- _The problem_
Using the listing below, keep only the lines with the word "Mitsubishi" and copy them.

- _Supplied data_
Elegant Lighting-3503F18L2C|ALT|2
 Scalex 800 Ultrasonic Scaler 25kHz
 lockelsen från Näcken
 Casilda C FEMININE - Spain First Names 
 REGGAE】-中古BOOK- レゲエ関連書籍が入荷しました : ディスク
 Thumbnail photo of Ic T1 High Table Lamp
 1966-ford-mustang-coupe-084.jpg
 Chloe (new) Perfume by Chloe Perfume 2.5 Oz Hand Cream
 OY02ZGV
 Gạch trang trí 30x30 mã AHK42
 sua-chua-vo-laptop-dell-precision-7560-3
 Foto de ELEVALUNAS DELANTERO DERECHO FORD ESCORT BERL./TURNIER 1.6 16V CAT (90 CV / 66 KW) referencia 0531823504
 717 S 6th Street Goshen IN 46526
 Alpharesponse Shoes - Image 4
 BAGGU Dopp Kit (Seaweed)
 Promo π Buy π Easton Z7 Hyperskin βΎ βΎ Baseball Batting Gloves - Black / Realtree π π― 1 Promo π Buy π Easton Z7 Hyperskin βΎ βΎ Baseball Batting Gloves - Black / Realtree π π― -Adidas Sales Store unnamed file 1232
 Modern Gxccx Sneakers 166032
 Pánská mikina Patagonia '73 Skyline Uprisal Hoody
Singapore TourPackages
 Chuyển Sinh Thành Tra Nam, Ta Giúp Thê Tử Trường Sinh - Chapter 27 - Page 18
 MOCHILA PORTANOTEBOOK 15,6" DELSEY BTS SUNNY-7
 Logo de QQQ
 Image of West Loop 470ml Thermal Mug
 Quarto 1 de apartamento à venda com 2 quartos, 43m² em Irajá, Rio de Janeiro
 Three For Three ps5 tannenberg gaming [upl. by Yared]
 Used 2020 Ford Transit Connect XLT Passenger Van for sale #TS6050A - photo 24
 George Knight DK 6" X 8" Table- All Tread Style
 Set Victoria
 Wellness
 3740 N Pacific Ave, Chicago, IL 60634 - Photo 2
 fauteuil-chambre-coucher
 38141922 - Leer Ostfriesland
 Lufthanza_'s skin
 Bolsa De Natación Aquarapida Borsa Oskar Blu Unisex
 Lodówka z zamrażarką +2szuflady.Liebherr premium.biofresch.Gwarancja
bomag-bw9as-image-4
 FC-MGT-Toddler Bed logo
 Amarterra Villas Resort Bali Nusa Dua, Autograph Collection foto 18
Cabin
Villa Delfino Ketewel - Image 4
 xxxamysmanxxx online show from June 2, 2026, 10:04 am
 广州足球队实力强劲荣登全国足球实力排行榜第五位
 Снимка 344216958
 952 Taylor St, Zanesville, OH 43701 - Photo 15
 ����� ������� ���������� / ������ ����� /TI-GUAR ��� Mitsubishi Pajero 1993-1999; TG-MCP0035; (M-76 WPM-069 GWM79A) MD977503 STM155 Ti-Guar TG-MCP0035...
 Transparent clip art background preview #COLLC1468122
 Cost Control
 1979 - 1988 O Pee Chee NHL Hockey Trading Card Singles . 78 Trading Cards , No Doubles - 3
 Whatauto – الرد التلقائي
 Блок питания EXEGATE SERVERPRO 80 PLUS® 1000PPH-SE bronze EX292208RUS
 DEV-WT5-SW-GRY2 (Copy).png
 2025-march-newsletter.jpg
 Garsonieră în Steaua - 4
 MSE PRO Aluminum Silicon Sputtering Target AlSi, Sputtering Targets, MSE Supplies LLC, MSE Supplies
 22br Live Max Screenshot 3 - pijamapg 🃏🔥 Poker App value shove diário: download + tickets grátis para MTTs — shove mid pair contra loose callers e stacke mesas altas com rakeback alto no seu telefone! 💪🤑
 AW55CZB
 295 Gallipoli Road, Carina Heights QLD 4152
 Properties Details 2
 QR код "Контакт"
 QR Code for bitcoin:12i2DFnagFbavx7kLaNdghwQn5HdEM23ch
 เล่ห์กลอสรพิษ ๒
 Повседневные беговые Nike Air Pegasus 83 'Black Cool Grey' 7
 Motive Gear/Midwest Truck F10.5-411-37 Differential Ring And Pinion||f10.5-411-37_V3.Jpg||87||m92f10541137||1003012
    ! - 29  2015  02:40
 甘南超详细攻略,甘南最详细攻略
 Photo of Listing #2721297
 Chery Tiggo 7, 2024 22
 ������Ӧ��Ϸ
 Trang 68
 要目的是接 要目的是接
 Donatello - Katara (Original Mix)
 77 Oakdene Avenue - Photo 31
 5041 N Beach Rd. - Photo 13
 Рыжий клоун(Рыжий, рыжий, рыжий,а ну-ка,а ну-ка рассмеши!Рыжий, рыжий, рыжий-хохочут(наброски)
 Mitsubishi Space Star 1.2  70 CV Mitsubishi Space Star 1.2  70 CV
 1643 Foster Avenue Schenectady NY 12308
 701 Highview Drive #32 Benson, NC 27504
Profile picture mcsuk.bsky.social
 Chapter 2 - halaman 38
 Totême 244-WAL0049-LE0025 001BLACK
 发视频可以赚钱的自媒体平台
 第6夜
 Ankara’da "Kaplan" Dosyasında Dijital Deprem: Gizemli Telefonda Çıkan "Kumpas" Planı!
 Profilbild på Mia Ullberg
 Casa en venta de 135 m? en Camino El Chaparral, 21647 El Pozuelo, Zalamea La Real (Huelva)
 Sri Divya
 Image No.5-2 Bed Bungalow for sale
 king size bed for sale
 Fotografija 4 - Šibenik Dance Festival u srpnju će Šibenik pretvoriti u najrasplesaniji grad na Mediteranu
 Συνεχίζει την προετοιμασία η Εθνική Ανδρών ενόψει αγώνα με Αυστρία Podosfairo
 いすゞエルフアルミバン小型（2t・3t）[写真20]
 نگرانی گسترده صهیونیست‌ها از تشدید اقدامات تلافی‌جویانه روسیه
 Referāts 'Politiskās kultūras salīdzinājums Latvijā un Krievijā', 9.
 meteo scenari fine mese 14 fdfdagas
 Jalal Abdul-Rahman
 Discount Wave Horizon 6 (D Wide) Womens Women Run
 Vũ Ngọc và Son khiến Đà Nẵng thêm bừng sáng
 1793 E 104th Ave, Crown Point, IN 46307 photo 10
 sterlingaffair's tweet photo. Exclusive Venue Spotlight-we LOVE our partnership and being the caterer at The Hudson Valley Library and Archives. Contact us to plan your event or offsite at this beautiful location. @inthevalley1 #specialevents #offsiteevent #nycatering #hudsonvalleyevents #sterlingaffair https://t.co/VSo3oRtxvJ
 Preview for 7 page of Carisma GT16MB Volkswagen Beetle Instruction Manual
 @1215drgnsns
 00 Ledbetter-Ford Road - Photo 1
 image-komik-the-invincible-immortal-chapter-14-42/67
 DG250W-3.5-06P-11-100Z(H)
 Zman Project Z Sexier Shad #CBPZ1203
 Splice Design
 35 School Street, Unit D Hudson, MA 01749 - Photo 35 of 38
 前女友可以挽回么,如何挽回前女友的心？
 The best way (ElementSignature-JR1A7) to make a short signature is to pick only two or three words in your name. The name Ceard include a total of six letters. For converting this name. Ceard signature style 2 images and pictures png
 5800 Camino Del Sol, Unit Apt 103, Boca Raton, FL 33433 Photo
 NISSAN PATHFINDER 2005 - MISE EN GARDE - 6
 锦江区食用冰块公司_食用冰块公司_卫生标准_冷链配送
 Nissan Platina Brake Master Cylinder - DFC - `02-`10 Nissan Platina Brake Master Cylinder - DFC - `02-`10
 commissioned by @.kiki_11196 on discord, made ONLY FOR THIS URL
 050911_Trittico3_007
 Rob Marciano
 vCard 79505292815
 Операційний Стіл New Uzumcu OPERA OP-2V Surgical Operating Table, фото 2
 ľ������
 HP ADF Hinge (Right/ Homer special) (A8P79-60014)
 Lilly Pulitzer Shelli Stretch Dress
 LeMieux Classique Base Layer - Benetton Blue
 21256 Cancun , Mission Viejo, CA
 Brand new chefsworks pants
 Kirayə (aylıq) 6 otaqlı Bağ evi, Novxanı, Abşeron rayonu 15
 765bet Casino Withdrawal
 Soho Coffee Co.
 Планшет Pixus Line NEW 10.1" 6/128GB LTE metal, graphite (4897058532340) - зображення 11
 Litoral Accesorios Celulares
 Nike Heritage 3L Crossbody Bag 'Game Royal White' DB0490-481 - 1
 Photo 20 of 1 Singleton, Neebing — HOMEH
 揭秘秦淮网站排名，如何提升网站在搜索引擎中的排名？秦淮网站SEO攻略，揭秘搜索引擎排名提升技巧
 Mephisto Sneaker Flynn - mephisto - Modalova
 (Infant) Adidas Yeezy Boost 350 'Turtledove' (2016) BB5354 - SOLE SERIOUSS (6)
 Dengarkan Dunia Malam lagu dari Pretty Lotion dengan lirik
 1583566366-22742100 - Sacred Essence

- _Response area_
 ����� ������� ���������� / ������ ����� /TI-GUAR ��� Mitsubishi Pajero 1993-1999; TG-MCP0035; (M-76 WPM-069 GWM79A) MD977503 STM155 Ti-Guar TG-MCP0035...
 Mitsubishi Space Star 1.2  70 CV Mitsubishi Space Star 1.2  70 CV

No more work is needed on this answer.